» **Directions**
Take every entry below and copy it out word for word.

» **Records**
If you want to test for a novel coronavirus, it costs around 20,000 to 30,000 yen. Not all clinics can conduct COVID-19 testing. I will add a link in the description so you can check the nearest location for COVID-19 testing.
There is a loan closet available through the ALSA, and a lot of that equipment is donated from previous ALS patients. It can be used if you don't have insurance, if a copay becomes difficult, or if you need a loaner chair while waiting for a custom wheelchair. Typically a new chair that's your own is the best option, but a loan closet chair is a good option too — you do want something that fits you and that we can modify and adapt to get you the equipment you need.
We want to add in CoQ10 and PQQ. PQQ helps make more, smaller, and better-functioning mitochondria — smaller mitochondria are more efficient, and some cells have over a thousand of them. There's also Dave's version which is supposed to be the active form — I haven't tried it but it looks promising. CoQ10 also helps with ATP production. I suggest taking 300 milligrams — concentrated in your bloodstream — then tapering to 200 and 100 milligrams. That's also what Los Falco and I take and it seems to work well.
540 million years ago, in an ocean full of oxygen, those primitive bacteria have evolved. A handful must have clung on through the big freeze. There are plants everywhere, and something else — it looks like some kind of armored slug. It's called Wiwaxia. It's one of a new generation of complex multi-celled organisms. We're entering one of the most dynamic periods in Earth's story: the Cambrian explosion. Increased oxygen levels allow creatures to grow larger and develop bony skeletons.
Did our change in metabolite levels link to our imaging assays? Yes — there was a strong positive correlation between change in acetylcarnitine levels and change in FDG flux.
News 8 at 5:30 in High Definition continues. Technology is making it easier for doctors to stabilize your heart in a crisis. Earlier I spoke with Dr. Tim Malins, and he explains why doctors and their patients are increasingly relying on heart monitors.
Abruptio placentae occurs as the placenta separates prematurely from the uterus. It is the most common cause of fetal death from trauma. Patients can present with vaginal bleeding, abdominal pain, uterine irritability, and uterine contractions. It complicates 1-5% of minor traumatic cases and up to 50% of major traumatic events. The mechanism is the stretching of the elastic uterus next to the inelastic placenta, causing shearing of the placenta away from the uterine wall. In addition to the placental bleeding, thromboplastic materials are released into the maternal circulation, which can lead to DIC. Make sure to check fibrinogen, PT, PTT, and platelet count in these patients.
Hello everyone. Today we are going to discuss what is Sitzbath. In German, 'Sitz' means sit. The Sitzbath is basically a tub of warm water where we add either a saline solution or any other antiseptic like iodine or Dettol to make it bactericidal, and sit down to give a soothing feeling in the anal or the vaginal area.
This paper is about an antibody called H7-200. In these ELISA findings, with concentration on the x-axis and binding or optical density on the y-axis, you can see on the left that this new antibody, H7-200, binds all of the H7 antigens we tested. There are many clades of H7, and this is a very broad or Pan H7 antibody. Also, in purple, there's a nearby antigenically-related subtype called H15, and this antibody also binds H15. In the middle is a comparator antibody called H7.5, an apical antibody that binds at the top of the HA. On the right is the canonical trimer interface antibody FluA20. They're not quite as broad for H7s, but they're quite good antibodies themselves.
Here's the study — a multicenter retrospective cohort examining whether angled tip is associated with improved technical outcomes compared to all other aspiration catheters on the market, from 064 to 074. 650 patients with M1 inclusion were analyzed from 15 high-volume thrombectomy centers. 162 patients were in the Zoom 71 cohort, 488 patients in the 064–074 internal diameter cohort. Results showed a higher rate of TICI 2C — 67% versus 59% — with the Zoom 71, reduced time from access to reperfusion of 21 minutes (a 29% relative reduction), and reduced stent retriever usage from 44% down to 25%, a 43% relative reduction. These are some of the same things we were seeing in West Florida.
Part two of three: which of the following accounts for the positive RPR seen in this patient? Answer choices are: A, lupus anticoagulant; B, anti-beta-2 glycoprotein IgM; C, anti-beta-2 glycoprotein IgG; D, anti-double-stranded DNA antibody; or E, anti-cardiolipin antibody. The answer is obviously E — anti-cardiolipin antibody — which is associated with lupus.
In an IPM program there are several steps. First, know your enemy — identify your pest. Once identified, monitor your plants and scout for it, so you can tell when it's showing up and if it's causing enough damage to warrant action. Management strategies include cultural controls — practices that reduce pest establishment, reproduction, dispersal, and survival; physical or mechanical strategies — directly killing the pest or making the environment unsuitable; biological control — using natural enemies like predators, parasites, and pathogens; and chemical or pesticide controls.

» **Reply to the exercise**
If you want to test for a novel coronavirus, it costs around 20,000 to 30,000 yen. Not all clinics can conduct COVID-19 testing. I will add a link in the description so you can check the nearest location for COVID-19 testing.
There is a loan closet available through the ALSA, and a lot of that equipment is donated from previous ALS patients. It can be used if you don't have insurance, if a copay becomes difficult, or if you need a loaner chair while waiting for a custom wheelchair. Typically a new chair that's your own is the best option, but a loan closet chair is a good option too — you do want something that fits you and that we can modify and adapt to get you the equipment you need.
We want to add in CoQ10 and PQQ. PQQ helps make more, smaller, and better-functioning mitochondria — smaller mitochondria are more efficient, and some cells have over a thousand of them. There's also Dave's version which is supposed to be the active form — I haven't tried it but it looks promising. CoQ10 also helps with ATP production. I suggest taking 300 milligrams — concentrated in your bloodstream — then tapering to 200 and 100 milligrams. That's also what Los Falco and I take and it seems to work well.
540 million years ago, in an ocean full of oxygen, those primitive bacteria have evolved. A handful must have clung on through the big freeze. There are plants everywhere, and something else — it looks like some kind of armored slug. It's called Wiwaxia. It's one of a new generation of complex multi-celled organisms. We're entering one of the most dynamic periods in Earth's story: the Cambrian explosion. Increased oxygen levels allow creatures to grow larger and develop bony skeletons.
Did our change in metabolite levels link to our imaging assays? Yes — there was a strong positive correlation between change in acetylcarnitine levels and change in FDG flux.
News 8 at 5:30 in High Definition continues. Technology is making it easier for doctors to stabilize your heart in a crisis. Earlier I spoke with Dr. Tim Malins, and he explains why doctors and their patients are increasingly relying on heart monitors.
Abruptio placentae occurs as the placenta separates prematurely from the uterus. It is the most common cause of fetal death from trauma. Patients can present with vaginal bleeding, abdominal pain, uterine irritability, and uterine contractions. It complicates 1-5% of minor traumatic cases and up to 50% of major traumatic events. The mechanism is the stretching of the elastic uterus next to the inelastic placenta, causing shearing of the placenta away from the uterine wall. In addition to the placental bleeding, thromboplastic materials are released into the maternal circulation, which can lead to DIC. Make sure to check fibrinogen, PT, PTT, and platelet count in these patients.
Hello everyone. Today we are going to discuss what is Sitzbath. In German, 'Sitz' means sit. The Sitzbath is basically a tub of warm water where we add either a saline solution or any other antiseptic like iodine or Dettol to make it bactericidal, and sit down to give a soothing feeling in the anal or the vaginal area.
This paper is about an antibody called H7-200. In these ELISA findings, with concentration on the x-axis and binding or optical density on the y-axis, you can see on the left that this new antibody, H7-200, binds all of the H7 antigens we tested. There are many clades of H7, and this is a very broad or Pan H7 antibody. Also, in purple, there's a nearby antigenically-related subtype called H15, and this antibody also binds H15. In the middle is a comparator antibody called H7.5, an apical antibody that binds at the top of the HA. On the right is the canonical trimer interface antibody FluA20. They're not quite as broad for H7s, but they're quite good antibodies themselves.
Here's the study — a multicenter retrospective cohort examining whether angled tip is associated with improved technical outcomes compared to all other aspiration catheters on the market, from 064 to 074. 650 patients with M1 inclusion were analyzed from 15 high-volume thrombectomy centers. 162 patients were in the Zoom 71 cohort, 488 patients in the 064–074 internal diameter cohort. Results showed a higher rate of TICI 2C — 67% versus 59% — with the Zoom 71, reduced time from access to reperfusion of 21 minutes (a 29% relative reduction), and reduced stent retriever usage from 44% down to 25%, a 43% relative reduction. These are some of the same things we were seeing in West Florida.
Part two of three: which of the following accounts for the positive RPR seen in this patient? Answer choices are: A, lupus anticoagulant; B, anti-beta-2 glycoprotein IgM; C, anti-beta-2 glycoprotein IgG; D, anti-double-stranded DNA antibody; or E, anti-cardiolipin antibody. The answer is obviously E — anti-cardiolipin antibody — which is associated with lupus.
In an IPM program there are several steps. First, know your enemy — identify your pest. Once identified, monitor your plants and scout for it, so you can tell when it's showing up and if it's causing enough damage to warrant action. Management strategies include cultural controls — practices that reduce pest establishment, reproduction, dispersal, and survival; physical or mechanical strategies — directly killing the pest or making the environment unsuitable; biological control — using natural enemies like predators, parasites, and pathogens; and chemical or pesticide controls.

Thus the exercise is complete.